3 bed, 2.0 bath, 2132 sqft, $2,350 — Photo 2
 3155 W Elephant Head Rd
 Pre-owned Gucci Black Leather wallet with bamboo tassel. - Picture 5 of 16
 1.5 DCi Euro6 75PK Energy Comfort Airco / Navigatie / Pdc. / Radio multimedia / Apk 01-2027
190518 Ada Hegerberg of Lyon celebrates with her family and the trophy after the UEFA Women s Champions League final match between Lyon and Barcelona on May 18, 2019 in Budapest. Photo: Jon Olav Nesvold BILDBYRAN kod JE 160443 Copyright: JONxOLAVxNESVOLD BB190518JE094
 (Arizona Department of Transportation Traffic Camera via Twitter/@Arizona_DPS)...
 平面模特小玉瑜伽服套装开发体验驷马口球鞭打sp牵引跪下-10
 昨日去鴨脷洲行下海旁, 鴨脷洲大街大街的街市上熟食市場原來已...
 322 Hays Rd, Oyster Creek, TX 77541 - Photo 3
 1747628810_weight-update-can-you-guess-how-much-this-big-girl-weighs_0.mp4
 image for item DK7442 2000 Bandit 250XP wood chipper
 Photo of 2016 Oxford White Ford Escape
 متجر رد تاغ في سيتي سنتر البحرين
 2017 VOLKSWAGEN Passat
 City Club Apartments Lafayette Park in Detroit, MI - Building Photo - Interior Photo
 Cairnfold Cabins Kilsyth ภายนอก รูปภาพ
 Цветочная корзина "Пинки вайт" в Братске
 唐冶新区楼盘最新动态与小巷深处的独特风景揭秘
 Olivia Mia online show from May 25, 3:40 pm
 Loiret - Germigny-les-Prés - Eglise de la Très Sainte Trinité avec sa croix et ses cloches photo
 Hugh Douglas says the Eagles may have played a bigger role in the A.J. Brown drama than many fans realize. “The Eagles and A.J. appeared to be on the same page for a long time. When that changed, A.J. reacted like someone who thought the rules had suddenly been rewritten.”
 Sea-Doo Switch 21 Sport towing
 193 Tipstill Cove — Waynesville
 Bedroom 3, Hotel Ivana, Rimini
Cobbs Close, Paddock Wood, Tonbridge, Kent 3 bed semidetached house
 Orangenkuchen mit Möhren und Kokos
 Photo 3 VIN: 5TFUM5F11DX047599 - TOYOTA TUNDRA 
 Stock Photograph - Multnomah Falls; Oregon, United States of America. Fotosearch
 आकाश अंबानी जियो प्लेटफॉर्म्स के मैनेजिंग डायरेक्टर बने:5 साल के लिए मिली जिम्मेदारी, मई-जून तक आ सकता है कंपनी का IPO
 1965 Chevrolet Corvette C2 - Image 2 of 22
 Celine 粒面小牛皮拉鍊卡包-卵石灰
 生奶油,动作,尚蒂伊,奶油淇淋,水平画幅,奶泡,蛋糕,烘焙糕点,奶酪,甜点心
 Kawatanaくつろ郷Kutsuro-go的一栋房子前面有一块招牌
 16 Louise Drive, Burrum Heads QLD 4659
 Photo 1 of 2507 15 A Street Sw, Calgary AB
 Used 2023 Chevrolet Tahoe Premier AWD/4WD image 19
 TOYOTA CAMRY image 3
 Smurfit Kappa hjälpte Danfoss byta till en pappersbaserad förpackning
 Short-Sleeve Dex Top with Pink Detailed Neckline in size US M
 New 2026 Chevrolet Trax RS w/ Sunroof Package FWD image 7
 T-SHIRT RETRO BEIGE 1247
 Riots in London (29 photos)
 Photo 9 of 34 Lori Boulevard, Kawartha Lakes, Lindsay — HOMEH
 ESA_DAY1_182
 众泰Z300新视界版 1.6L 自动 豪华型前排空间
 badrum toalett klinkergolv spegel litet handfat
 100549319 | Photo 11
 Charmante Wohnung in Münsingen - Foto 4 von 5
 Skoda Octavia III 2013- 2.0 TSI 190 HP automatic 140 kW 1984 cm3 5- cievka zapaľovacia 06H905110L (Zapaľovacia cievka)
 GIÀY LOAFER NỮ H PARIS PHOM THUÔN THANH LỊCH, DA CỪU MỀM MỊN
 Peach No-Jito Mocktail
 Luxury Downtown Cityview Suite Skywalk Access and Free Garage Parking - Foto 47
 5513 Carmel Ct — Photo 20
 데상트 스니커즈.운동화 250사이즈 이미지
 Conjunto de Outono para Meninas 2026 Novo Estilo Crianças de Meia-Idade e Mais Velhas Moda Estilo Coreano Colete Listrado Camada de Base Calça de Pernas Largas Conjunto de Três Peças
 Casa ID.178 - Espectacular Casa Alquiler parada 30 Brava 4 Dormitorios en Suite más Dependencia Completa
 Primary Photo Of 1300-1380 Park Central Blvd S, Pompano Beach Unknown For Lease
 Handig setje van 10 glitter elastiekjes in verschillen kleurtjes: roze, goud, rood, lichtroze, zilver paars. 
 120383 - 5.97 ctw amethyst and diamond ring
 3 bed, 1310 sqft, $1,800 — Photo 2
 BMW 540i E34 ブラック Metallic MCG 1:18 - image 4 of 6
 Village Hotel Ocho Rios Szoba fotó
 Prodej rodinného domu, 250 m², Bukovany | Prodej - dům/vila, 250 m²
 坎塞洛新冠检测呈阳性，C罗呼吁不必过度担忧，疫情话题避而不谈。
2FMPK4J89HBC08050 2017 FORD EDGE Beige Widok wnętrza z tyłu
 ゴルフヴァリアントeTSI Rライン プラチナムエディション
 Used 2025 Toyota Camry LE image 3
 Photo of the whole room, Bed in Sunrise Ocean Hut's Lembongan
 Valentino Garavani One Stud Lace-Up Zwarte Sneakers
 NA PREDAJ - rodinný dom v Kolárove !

-=-=-=-=-

Reproduce exactly, and only, the part of the listing above that begins at the line with "Cobbs Close, Paddock" and goes on through the line with "Peach No-Jito Mocktail".

### The answer
Cobbs Close, Paddock Wood, Tonbridge, Kent 3 bed semidetached house
 Orangenkuchen mit Möhren und Kokos
 Photo 3 VIN: 5TFUM5F11DX047599 - TOYOTA TUNDRA 
 Stock Photograph - Multnomah Falls; Oregon, United States of America. Fotosearch
 आकाश अंबानी जियो प्लेटफॉर्म्स के मैनेजिंग डायरेक्टर बने:5 साल के लिए मिली जिम्मेदारी, मई-जून तक आ सकता है कंपनी का IPO
 1965 Chevrolet Corvette C2 - Image 2 of 22
 Celine 粒面小牛皮拉鍊卡包-卵石灰
 生奶油,动作,尚蒂伊,奶油淇淋,水平画幅,奶泡,蛋糕,烘焙糕点,奶酪,甜点心
 Kawatanaくつろ郷Kutsuro-go的一栋房子前面有一块招牌
 16 Louise Drive, Burrum Heads QLD 4659
 Photo 1 of 2507 15 A Street Sw, Calgary AB
 Used 2023 Chevrolet Tahoe Premier AWD/4WD image 19
 TOYOTA CAMRY image 3
 Smurfit Kappa hjälpte Danfoss byta till en pappersbaserad förpackning
 Short-Sleeve Dex Top with Pink Detailed Neckline in size US M
 New 2026 Chevrolet Trax RS w/ Sunroof Package FWD image 7
 T-SHIRT RETRO BEIGE 1247
 Riots in London (29 photos)
 Photo 9 of 34 Lori Boulevard, Kawartha Lakes, Lindsay — HOMEH
 ESA_DAY1_182
 众泰Z300新视界版 1.6L 自动 豪华型前排空间
 badrum toalett klinkergolv spegel litet handfat
 100549319 | Photo 11
 Charmante Wohnung in Münsingen - Foto 4 von 5
 Skoda Octavia III 2013- 2.0 TSI 190 HP automatic 140 kW 1984 cm3 5- cievka zapaľovacia 06H905110L (Zapaľovacia cievka)
 GIÀY LOAFER NỮ H PARIS PHOM THUÔN THANH LỊCH, DA CỪU MỀM MỊN
 Peach No-Jito Mocktail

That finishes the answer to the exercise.